Home Di tutto un pò! Una giornata come tante, e invece no: sono diventata mamma!

Una giornata come tante, e invece no: sono diventata mamma!

by Enza

Mai e poi mai avrei immaginato che quello sarebbe divenuto il giorno più importante della mia vita, pensavo che fosse una giornata come tante, e invece no: sono diventata mamma!
Era un semplicissimo lunedì mattina, e come sempre, alle 9 ero già in macchina sotto casa di mamma per sbrigare le nostre mille commissioni.
Un giorno come tutti gli altri, eppure una sensazione strana mi accompagnava in modo costante.
Pensavo fosse normale, d’altronde mancavano solo poche settimane al parto.
Quel giorno, per la prima volta, mi chiesi se avessi mai sentito la mancanza di quel pancione enorme: non vedevo l’ora che andasse via per lasciare spazio ad un fagottino che avrebbe cambiato per sempre la mia esistenza.
Arrivai velocemente ad una conclusione: come avrei potuto sentire la mancanza di una pesante anguria che mi aveva costretto ad interminabili cure, ansie e paure? Già, come avrei potuto?
Ero stanca, esausta di quel peso che mi impediva.ogni movimento e che mi faceva gonfiare le gambe, che aveva stravolto il mio corpo.
Volevo solo che la mia bambina nascesse, avevo bisogno di stringerla a me e di capire quanto potesse essere grande l’amore che si prova per un figlio.
Tra mille pensieri la giornata scorreva semplicemente.

Poi all’improvviso, il mio corpo ha cominciato ad essere strano.
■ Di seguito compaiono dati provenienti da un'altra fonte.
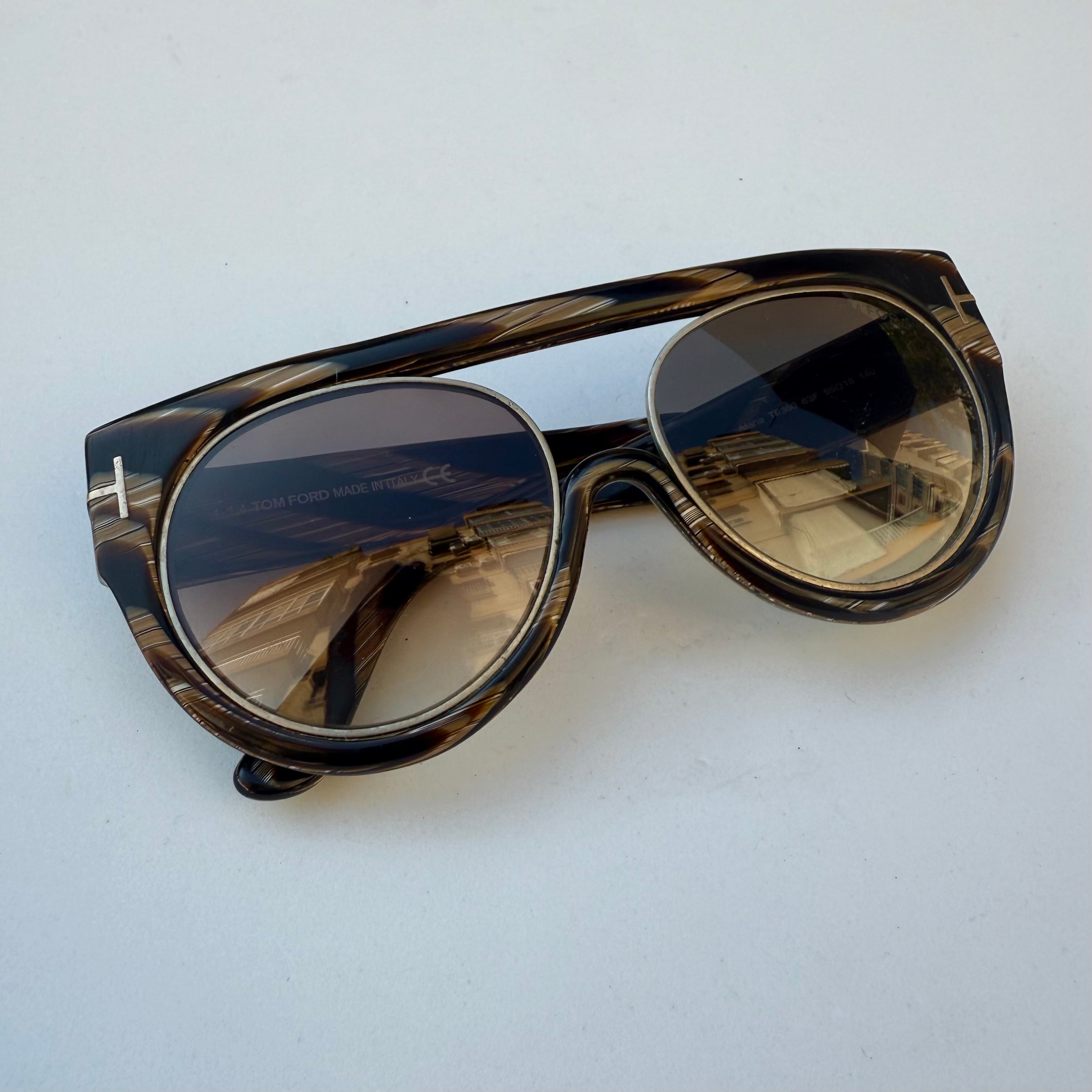 Tom Ford Oversized Marbled Aviator Sunglasses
Avvertivo dei dolori allo stomaco.
Cercavo di tranquillizzarmi dando la colpa a quella fetta di pane in più che avevo mangiato a pranzo o a delle semplici contrazioni preparatorie.
Ero stata dal ginecologo solo tre giorni prima e mi aveva rassicurata dicendomi che il giorno del parto era ancora lontano.
Passavano le ore ed il dolore diventava sempre più forte.
Se da un lato allontanavo l’idea di un parto imminente, dall’altro sapevo che il mio corpo mi stava mandando dei messaggi diversi.
Cosi, alle 18, chiamo mio marito che velocemente mi accompagna dal ginecologo.
Facciamo una visita e l’utero era chiuso.
Passiamo all’ecografia.
Vedo l’espressione del medico cambiare: aggrotta la fronte, si sofferma insistentemente sulla parte alta dell’addome.
Intanto il dolore diventa lancinante.
Dall’ecografia emerge qualcosa di anomalo, devo correre in clinica e devo ricoverarmi per tenere sotto controllo la cistifellea, visibilmente ingrossata.
Bene, diciamo che nei miei piani, non era proprio prevista l’ipotesi di trascorrere le tre settimane che mi separavano dal parto in clinica.
Un’ipotesi per me assurda, visto che corro da mattino a sera come una trottola!
Raggiunta la clinica, cominciano una serie di esami, passo dalle mani di uno specialista all’altro: mi visitano, escono, ritornano, si consultano, escono di nuovo.

Chiedevo solo una cosa: fate smettere questo dolore atroce.

Comincio un tracciato, ho le contrazioni da parto ma l’utero è completamente chiuso.
In poco meno di mezz’ora la situazione precipita pericolosamente, la bambina è in sofferenza, bisogna intervenire immediatamente.
Cominciò ad agitarmi ma continuo a non capire cosa stia per accadere.
Dopo qualche minuto mi ritrovo in sala operatoria, agitata per il mio primo intervento, ma soprattutto perché dopo nove mesi di attesa stavo per conoscere la mia bambina.
Ricordo poco del parto: un grande telo azzurro che non mi permetteva di vedere cosa stessero facendo i tanti medici che borbottavano intorno alla mia pancia, oramai insensibile, la puzza di disinfettante…
E poi, all’improvviso sento un pianto disperato, vedo delle piccole gambette ed un culetto perfetto.
Mio Dio, era davvero mia figlia? Ho davvero fatto io questa perfezione?
Cosa ho fatto nella mia vita di così buono da meritarmi questo miracolo?
Mille pensieri mentre il tempo sembra dilatarsi.
Tutto è fermo mentre i nostri occhi si incontrano per la prima volta.
Sono le 23.10 del 7 novembre 2016, benvenuta al mondo Nicole, raggio di sole della nostra vita.
Ci aspettano mille avventure da affrontare.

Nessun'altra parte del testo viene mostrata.